「違うだろ、そんな伸びた奴じゃ硬くて喰えねえよ!」
「犬じゃないんだから、短い奴なんて探せないだろ」
「探せねえ訳ないだろ。見ろよ、旦那を」
シウルとチホは吠え合いながら、足許を覆う竹葉を蹴った。
その近くには小さな山になった、薄皮に包まれた太った筍。
もう十本近くある。これ以上は採る必要もなかろう。
「足裏で探せ」
俺は親根に沿った竹葉の地面を足裏で辿る。
その沓裏に、周囲とは違う小さな盛り上がりを感じた処で
「此処だ」
地を指すとチホとシウルが寄って来る。
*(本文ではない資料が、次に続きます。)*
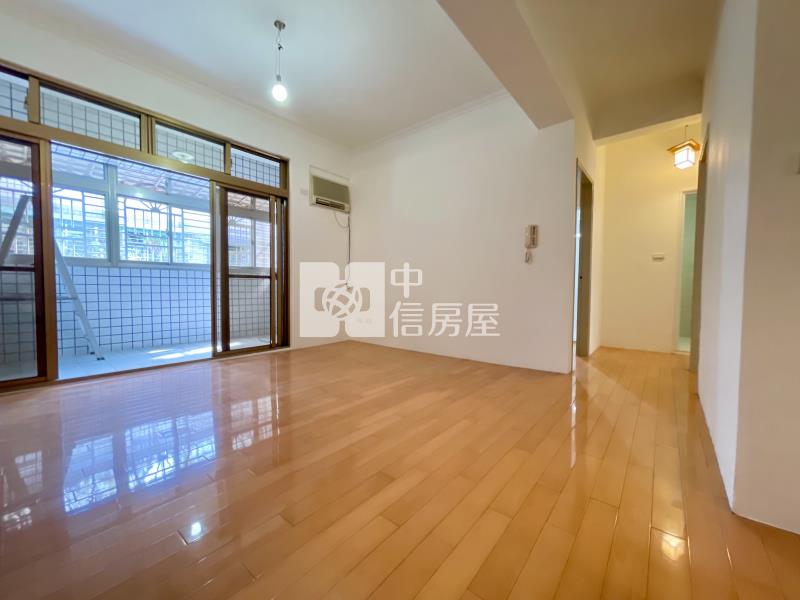 迴龍國中小大三房車房屋室內格局與周邊環境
俺は膝を折って屈み、周囲の竹葉を丁寧に除けて行く。
土や枯れた竹葉が遠慮なく爪の隙間に入り込んで来る。
気にせず掘り進むと、やがて指先に土とは違う固い物が触れる。
まだ頭を出す前の筍の先端が見つかって鋤に持ち替える。
柔らかい土を掘り、最後に筍の白根が見えたら鋤を打ちこんで抉る。
大きな筍は抗いもせず、掘ったばかりの柔らかい土の上に転がった。
いい加減良い頃合いだろう。
あの方の言う通り、初めて尽くしの筍の調理には戸惑う事もある。
早く始めねば、朝から何も喰っていない全員の背と腹が張り付く。
「ヒド」
「医仙、駄目だ!」
竹藪の向こうの奴へ振り返った時、テマンの大きな声がした。
同時にトギが飛びつくように、地に屈んでいたあの方を突いた。
あの方がそのまま地に尻を着く、その姿に向けて考える前に勝手に足が駆け出した。
「如何した!」
あの方を突き飛ばしたトギはまだ怒ったような顔で、あの方に向けて烈しく指を動かしている。
「医仙が、鳥兜を」
テマンがトギの声を代弁するよう言いながら、地に尻を着いたこの方とその横に屈み込むトギを見る。
「大事ないか」
「喰ったわけじゃないから、大丈夫です」
「だって、ヨモギだと思ったんだもの!」
この方は俺にともトギにともテマンにともつかず、言い訳のよう大声で言った。
トギがその顔の前、この方を諭すよう叱るよう顔を顰め、頻りに指を動かす。
「蓬と鳥兜の若葉は似てるって。でも葉の切れ目の数が違うから必ず覚えておくようにって」
テマンはこの方ではなく俺に向け、トギの動かす指の声を伝える。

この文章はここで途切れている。